### EXERCISE DETAILS:
Each entry that follows is to be copied exactly, minus any pictures.

*** SOURCE DATA Section Begins ***

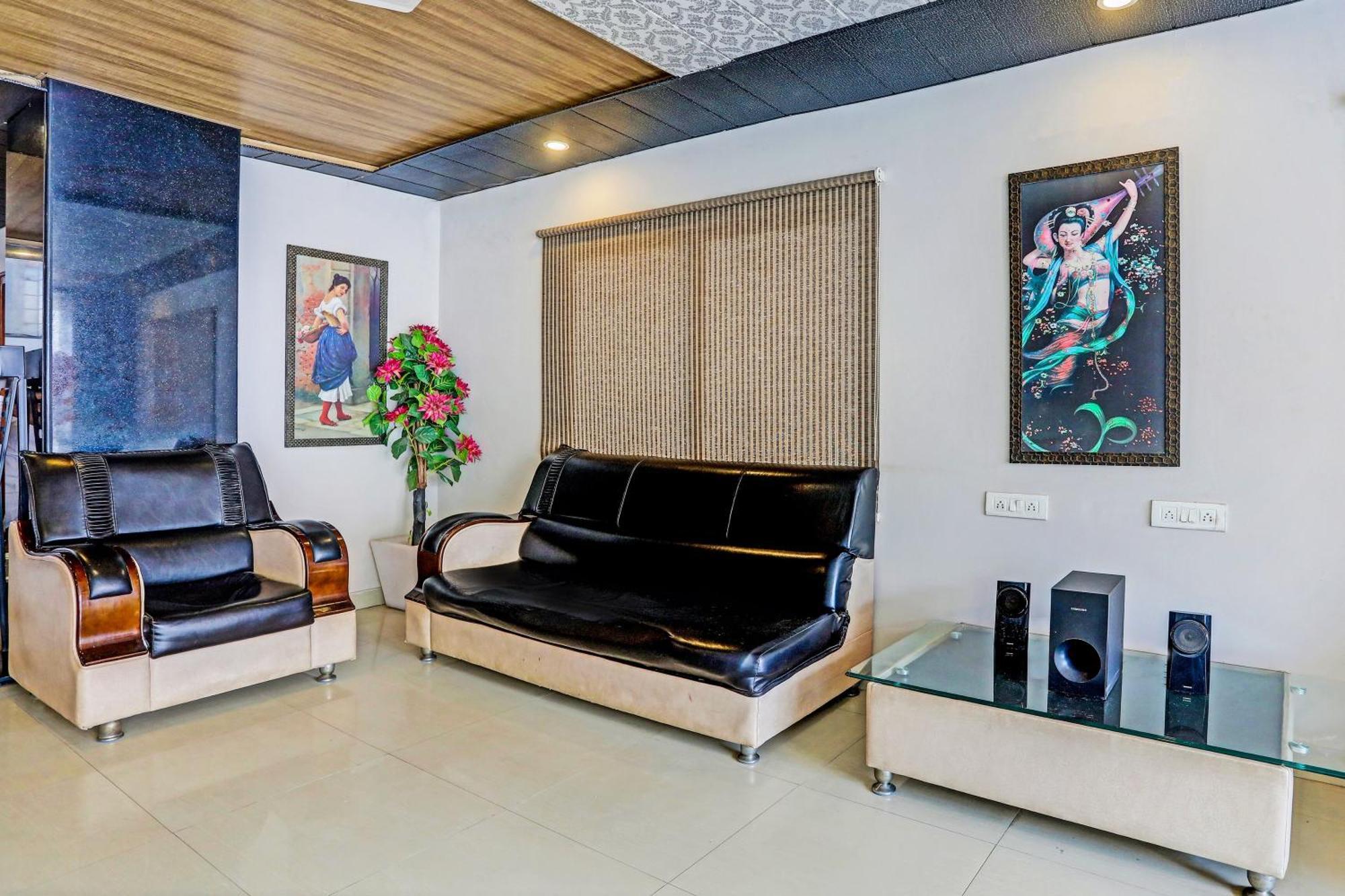 Super Townhouse Vaishnavi Hotel Secundurabad Exterior photo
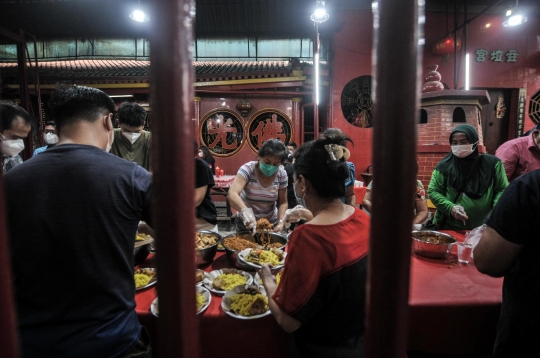 Indahnya Toleransi Berbagi Buka Puasa di Wihara Dharma Bhakti
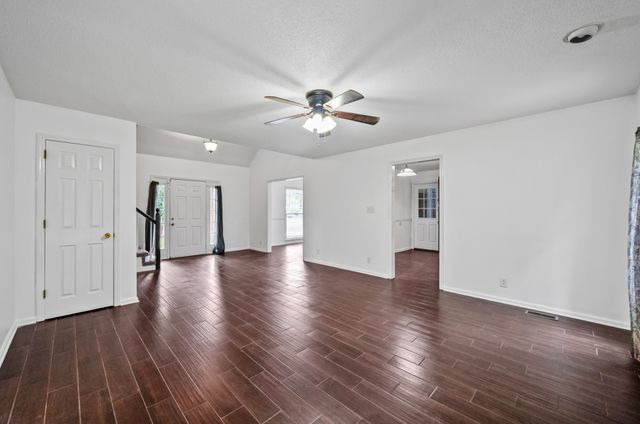 264 Cheshire Rd, Clarksville, TN 37043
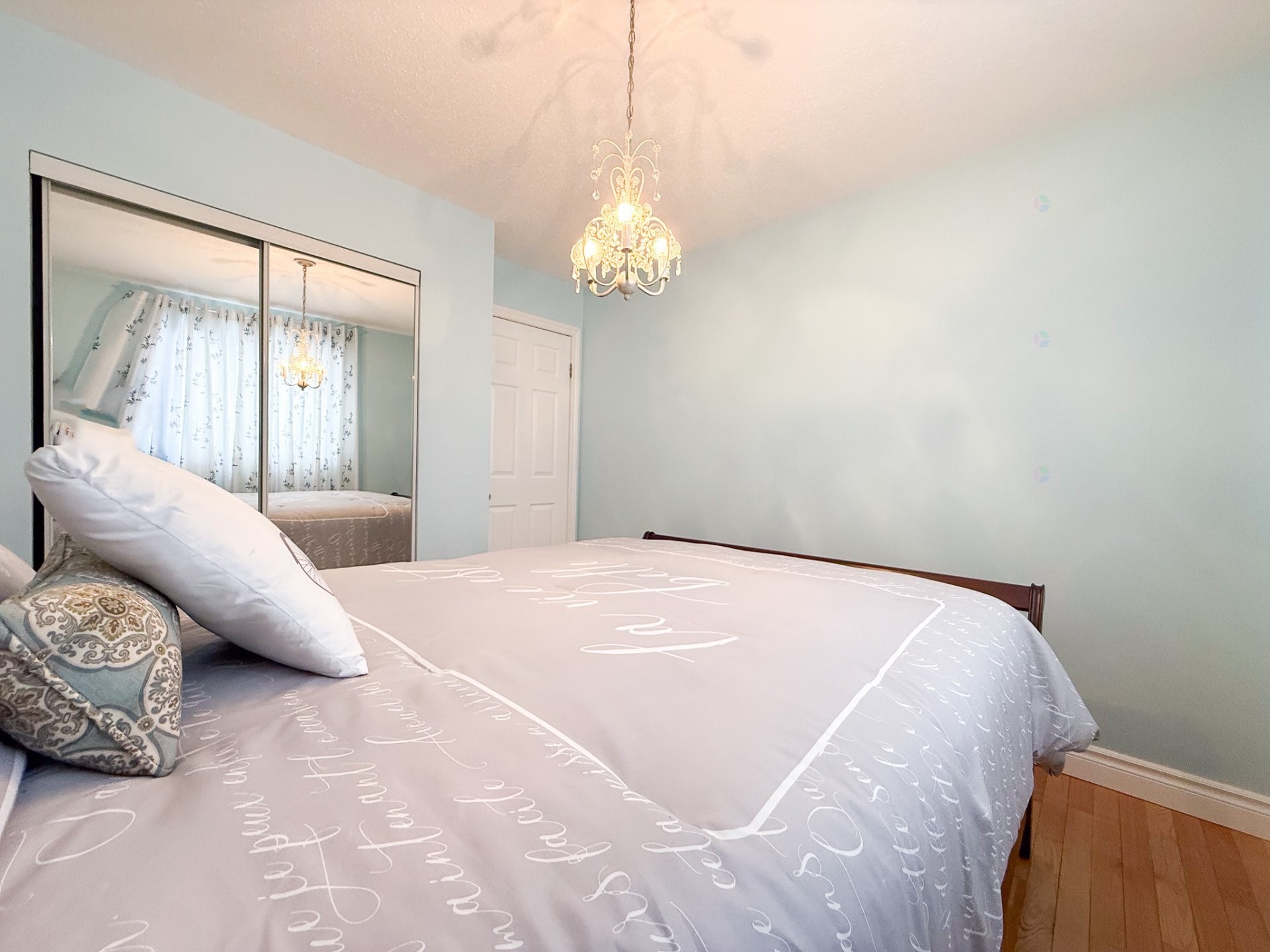 









136


Rue Thérèse

,
Gatineau (Gatineau),




QC
J8R3G8


*** SOURCE DATA Section Ends ***

### RESULT BELOW:
 Super Townhouse Vaishnavi Hotel Secundurabad Exterior photo
 Indahnya Toleransi Berbagi Buka Puasa di Wihara Dharma Bhakti
 264 Cheshire Rd, Clarksville, TN 37043









136


Rue Thérèse

,
Gatineau (Gatineau),




QC
J8R3G8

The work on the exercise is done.